These 4 mistakes in basic blog layout are all too common and all too easy to fix:
Blogs with a fluid layout almost always result in the post column growing wider to fill the screen. In a time when we are all trying to consume more information than ever before, this is a mistake. There is a reason why newspapers don’t spread their columns way across the page. This study at Wichita State University found that a medium line length of between 65-75 characters per line, or about 15 words, was the optimal length for online reading. Readers need to be able to scan articles easily, and they will take in much more of what you write if the line length makes it easy for them to read quickly.
What’s the right resolution for your site? That question is always answered by looking at your stats. Any decent stats program will show the resolution visitors are using. A good rule of thumb is to try and not tick off more than about 5-7% of your readers with a resolution that is too large for their screen. It can be difficult to squeeze everything so it will fit those old 800×600 resolutions, but depending on the niche one is in, there may be no choice. Particularly if there are ads in the right sidebar, it only makes sense to make sure that the maximum number of users can see them.
Important Stuff in the Footer
I really like blog themes that have an extended footer, such as Brian Gardner’s Vertigo theme, but don’t put things down there that are too important or keyword rich. Rather, include things such as badge farms, Flickr sets, monthly archives in that space. Don’t count on many readers scrolling down far enough to see it either.

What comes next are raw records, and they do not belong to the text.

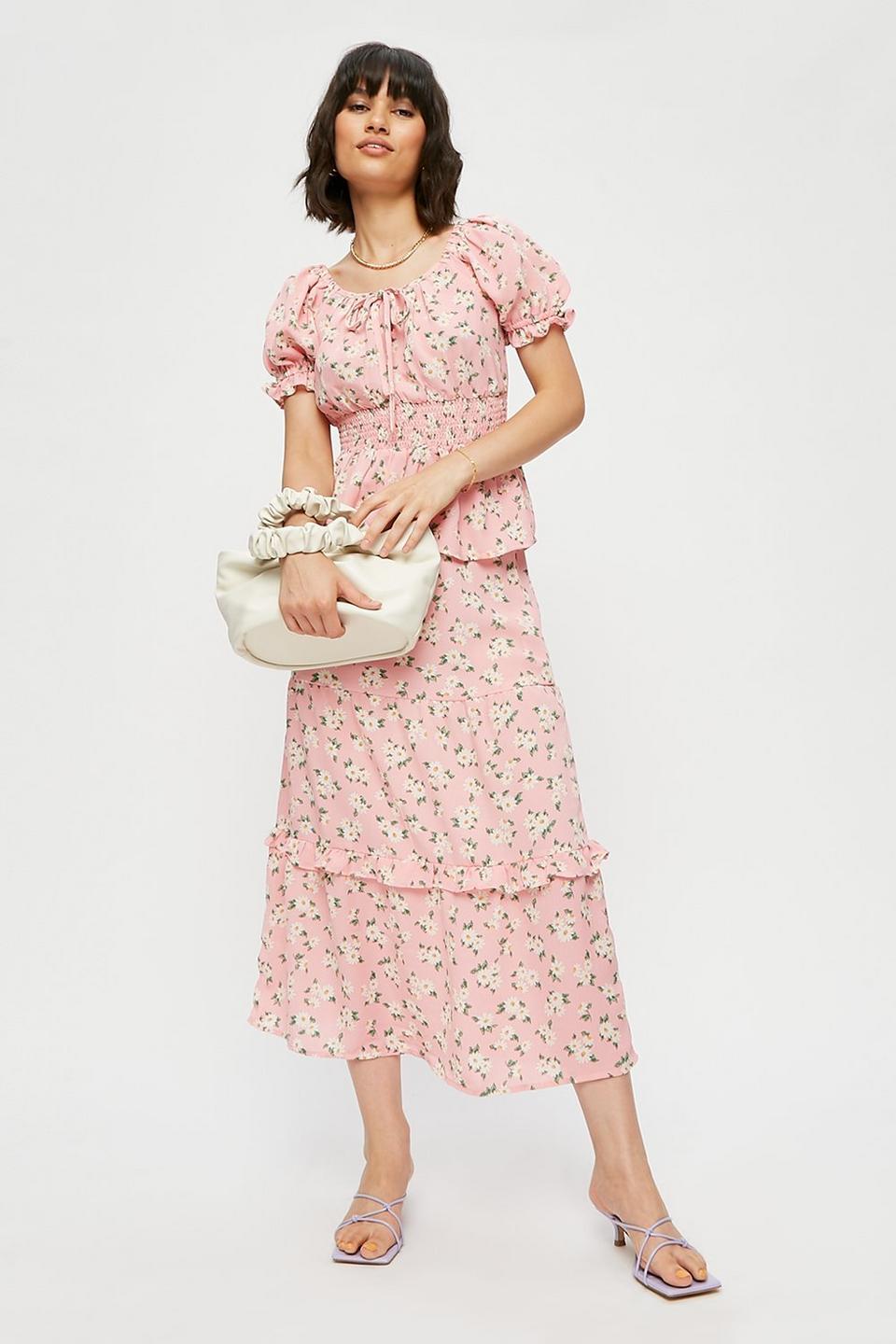 Tops | Petite Pink Daisy Short Sleeve Gypsy Top | Dorothy Perkins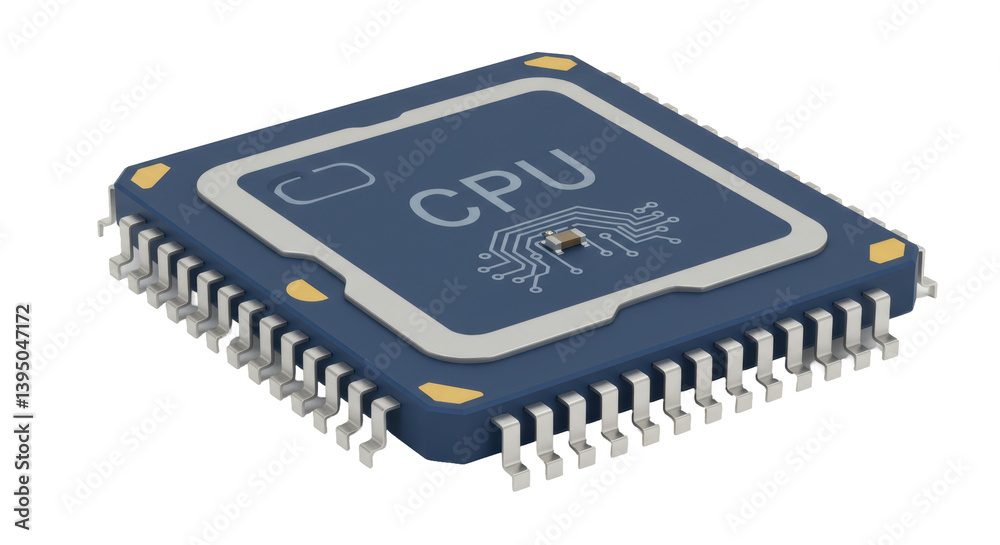 Isolated Microchip with CPU Inscription and Electrical Circuit Isolated Microchip with CPU Inscription and Electrical Circuit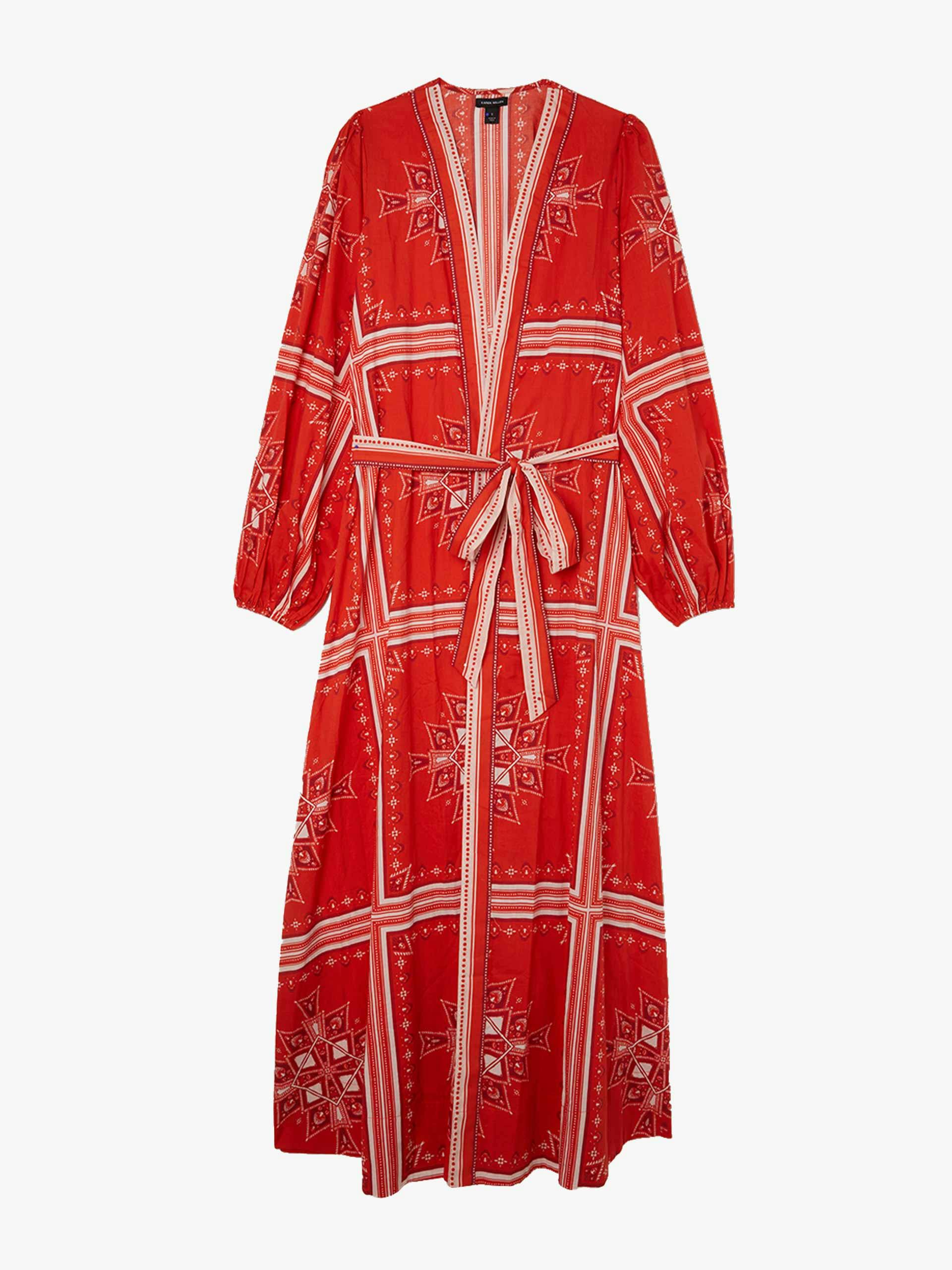 Printed cotton voile maxi beach dress in red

The more keywords something contains, the higher up in the page it needs to be, for obvious SEO reasons.
Not Enough White Space
Read any good design book and one of the key elements of good design is use of white space.
White space is often referred to as negative space. It is that portion of a page left unmarked: the space between graphics, margins, gutters, space between columns, space between lines of type or figures and objects drawn or depicted. (Source: Wikipedia)
While it is very tempting to cram as much information into as small a space as possible, the result is a cramped site that is difficult to read and navigate. An overwhelming or cluttered site makes readers uncomfortable, and reading from the web is rather hard on the eyes as it is. Check out Mark Boulton’s article on A List Apart for a very good summary of how to use white space and the aesthetic difference created just by allowing a design some room to breathe.